10 May 2009

Science of Pleasure I

Popular understanding too easily equates utilitarianism with instrumental rationality, a relentless logic of efficiency incapable of evaluating the ends it pursues.

On the other hand, an introductory course in ethics will insist that the concept of the end, pleasure, plays a central role in the evolution of utilitarian thought. Whereas Jeremy Bentham insisted that Halo is as good as Heidegger, Bentham’s successor John Stuart Mill retorted, “Better to be Socrates dissatisfied than a pig satisfied.” On this story, Bentham thought all pleasures could be quantified and so compared, but Mill claimed that pleasures may be qualitatively different and so incomparable. For Mill, only one who has tasted the pleasures of port and the pleasures of beer can judge between them.

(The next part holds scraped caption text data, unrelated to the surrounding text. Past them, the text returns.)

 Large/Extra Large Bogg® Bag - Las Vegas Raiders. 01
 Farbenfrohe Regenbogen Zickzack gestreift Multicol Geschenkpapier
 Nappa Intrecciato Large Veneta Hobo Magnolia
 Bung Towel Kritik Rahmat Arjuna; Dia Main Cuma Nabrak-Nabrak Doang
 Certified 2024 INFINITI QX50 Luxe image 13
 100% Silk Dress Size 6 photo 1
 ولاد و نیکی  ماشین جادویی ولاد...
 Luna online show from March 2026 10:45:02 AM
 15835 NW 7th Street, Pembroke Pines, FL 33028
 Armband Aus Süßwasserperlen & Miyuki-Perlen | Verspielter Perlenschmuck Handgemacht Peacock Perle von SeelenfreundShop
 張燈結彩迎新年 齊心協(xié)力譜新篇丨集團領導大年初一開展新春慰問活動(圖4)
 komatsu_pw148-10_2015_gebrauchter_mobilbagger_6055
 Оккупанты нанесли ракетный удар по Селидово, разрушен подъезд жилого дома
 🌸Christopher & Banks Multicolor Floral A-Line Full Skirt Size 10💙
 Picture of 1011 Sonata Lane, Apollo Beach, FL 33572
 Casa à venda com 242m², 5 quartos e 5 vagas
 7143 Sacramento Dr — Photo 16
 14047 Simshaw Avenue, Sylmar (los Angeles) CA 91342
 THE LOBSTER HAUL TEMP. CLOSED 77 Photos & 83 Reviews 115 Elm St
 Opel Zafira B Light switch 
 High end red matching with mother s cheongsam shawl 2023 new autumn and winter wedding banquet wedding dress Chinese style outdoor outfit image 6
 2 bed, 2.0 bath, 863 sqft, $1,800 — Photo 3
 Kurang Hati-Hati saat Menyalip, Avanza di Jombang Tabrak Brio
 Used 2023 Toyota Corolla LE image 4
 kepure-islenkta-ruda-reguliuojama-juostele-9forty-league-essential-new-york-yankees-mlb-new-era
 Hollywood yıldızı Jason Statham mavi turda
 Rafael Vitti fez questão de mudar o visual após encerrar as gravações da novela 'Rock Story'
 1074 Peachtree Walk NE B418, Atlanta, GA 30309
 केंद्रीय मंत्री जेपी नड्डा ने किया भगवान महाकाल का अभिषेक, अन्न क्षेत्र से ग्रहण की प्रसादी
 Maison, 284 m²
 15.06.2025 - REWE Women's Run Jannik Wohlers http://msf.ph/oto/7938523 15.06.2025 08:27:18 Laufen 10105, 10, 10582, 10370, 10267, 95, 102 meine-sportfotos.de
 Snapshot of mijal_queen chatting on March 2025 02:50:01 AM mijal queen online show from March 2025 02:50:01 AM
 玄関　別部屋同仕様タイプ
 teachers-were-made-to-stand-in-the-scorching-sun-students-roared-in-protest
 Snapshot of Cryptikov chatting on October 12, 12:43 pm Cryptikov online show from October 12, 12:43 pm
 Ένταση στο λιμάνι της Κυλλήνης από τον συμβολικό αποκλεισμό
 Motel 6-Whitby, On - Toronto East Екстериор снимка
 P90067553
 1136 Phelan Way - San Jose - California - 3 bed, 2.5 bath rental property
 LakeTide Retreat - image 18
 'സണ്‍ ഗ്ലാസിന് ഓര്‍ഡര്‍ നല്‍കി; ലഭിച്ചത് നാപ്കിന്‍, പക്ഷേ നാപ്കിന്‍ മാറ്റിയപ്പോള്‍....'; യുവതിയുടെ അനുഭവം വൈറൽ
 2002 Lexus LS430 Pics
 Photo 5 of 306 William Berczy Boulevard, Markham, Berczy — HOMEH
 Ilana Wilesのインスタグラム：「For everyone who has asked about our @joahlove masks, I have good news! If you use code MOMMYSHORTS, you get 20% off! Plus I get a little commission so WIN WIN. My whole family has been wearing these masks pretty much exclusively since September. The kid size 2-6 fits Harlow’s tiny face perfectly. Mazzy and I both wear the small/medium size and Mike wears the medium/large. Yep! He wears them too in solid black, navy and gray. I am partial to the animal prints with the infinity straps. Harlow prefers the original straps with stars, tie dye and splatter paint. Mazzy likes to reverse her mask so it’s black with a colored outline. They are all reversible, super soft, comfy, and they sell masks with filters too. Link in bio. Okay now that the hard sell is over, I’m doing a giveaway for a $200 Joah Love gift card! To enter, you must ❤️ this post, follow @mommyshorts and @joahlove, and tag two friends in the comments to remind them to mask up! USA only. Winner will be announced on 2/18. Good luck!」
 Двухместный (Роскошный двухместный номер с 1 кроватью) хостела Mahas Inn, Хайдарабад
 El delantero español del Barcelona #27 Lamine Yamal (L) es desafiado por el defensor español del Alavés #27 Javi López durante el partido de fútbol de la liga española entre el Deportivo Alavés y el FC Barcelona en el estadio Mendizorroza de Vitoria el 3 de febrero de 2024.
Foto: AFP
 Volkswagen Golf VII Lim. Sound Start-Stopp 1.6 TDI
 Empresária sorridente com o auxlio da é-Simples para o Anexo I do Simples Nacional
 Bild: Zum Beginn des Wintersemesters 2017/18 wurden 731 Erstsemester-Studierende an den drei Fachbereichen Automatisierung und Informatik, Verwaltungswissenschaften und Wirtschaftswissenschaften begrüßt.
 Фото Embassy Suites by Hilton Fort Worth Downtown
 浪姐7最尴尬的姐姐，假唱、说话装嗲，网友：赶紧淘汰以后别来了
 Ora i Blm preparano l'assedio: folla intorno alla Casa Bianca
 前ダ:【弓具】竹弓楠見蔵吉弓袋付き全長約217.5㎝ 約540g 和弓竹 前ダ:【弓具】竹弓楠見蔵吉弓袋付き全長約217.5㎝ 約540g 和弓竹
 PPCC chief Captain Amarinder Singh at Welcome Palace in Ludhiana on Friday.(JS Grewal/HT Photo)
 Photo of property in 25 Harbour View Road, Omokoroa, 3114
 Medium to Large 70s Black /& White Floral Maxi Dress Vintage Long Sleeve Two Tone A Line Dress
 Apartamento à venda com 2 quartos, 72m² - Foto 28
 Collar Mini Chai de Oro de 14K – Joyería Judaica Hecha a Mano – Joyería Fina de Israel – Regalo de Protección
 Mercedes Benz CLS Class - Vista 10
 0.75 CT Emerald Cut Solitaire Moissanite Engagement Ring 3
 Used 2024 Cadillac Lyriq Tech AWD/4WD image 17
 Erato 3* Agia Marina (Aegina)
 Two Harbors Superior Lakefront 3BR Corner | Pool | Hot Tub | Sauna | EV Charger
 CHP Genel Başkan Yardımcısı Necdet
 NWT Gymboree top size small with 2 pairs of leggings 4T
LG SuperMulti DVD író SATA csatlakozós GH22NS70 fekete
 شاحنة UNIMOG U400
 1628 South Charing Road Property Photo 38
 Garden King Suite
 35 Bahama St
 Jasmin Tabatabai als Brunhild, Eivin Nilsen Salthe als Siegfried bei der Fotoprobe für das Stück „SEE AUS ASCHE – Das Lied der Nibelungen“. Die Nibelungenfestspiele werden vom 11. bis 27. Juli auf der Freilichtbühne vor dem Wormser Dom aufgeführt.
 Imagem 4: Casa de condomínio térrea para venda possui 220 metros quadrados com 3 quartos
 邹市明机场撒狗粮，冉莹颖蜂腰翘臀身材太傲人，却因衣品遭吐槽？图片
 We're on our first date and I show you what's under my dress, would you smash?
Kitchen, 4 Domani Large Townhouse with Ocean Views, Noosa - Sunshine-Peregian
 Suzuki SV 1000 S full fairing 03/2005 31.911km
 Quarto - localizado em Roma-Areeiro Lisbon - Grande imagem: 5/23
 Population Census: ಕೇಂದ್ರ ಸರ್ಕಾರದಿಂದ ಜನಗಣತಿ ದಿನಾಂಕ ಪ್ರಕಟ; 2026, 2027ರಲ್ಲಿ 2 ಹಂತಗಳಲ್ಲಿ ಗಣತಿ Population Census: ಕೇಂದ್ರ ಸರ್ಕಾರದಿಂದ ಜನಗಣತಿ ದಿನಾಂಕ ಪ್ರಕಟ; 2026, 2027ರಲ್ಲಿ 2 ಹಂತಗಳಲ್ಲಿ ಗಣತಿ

Still, what moral does the introductory ethics student draw from this story? I suspect that they may go further than Mill. Perhaps they conclude that there is no judging, not even within oneself, not between even comparable pleasures of beer and port. Perhaps they make every pleasure a potentially absolute pleasure relative to some potential hedonist for whom “man is the measure of all things.” And so we are delivered back into the hands of instrumental rationality, where we can no longer reason about ends, but only about means.

What would it mean to take utilitarianism seriously? That is, can we imagine paying closer attention to pleasure, to its natures? Does utilitarianism have some insight to offer us in thinking about ends?